• [Task directions] Where the line holding "2022 Kia Carnival" appears, start copying, and continue exactly through the last line of the listing, skipping pictures.

*** Information supplied Section Begins ***

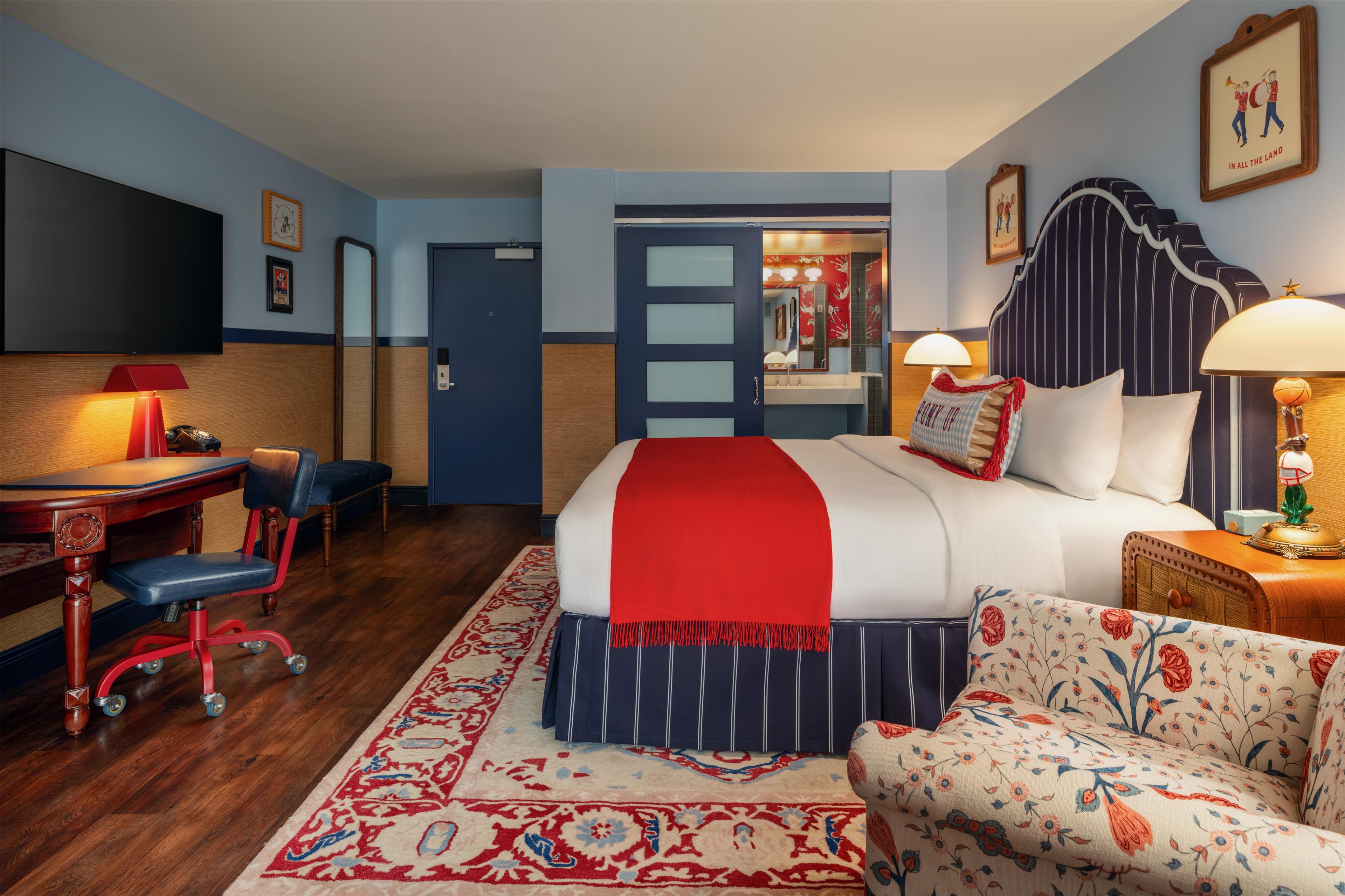 Double King Size Bed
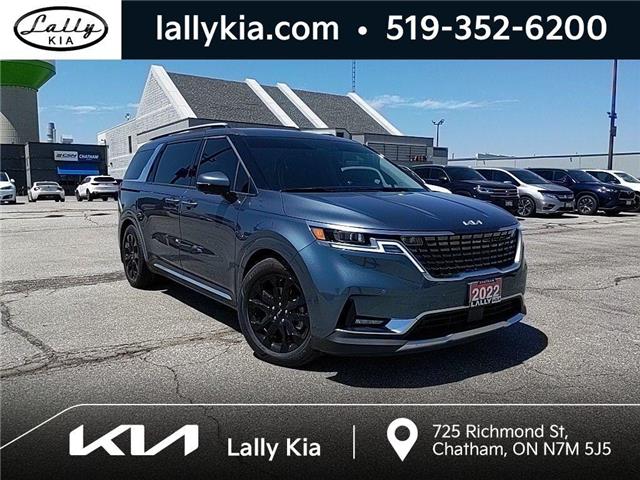 2022 Kia Carnival SX (Stk: K4472A) in Chatham - Image 1 of 14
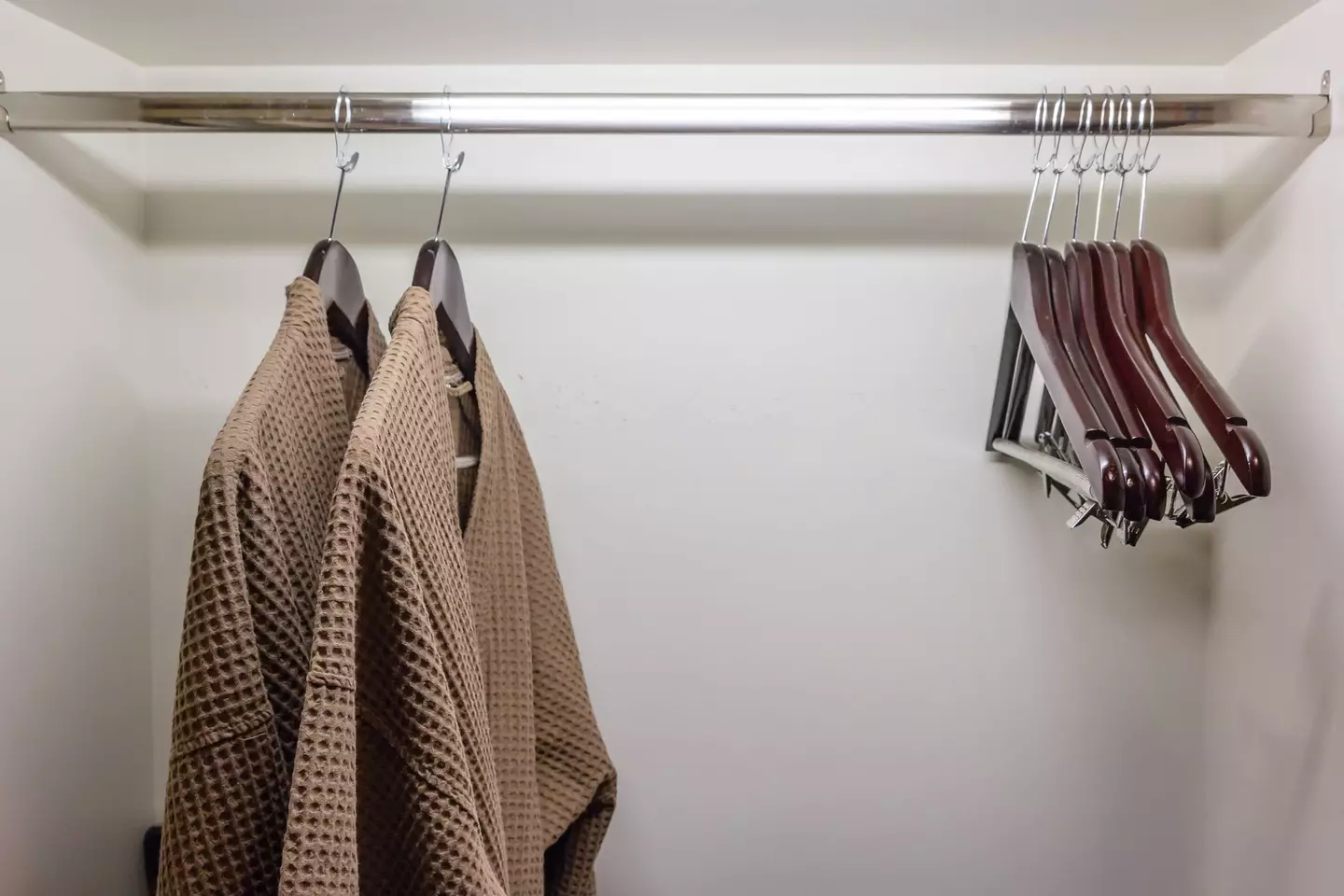 A doctor has warned travellers to not put clothes in the dresser. (Getty Stock Images)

*** Information supplied Section Ends ***

• [Answer area]
 2022 Kia Carnival SX (Stk: K4472A) in Chatham - Image 1 of 14
 A doctor has warned travellers to not put clothes in the dresser. (Getty Stock Images)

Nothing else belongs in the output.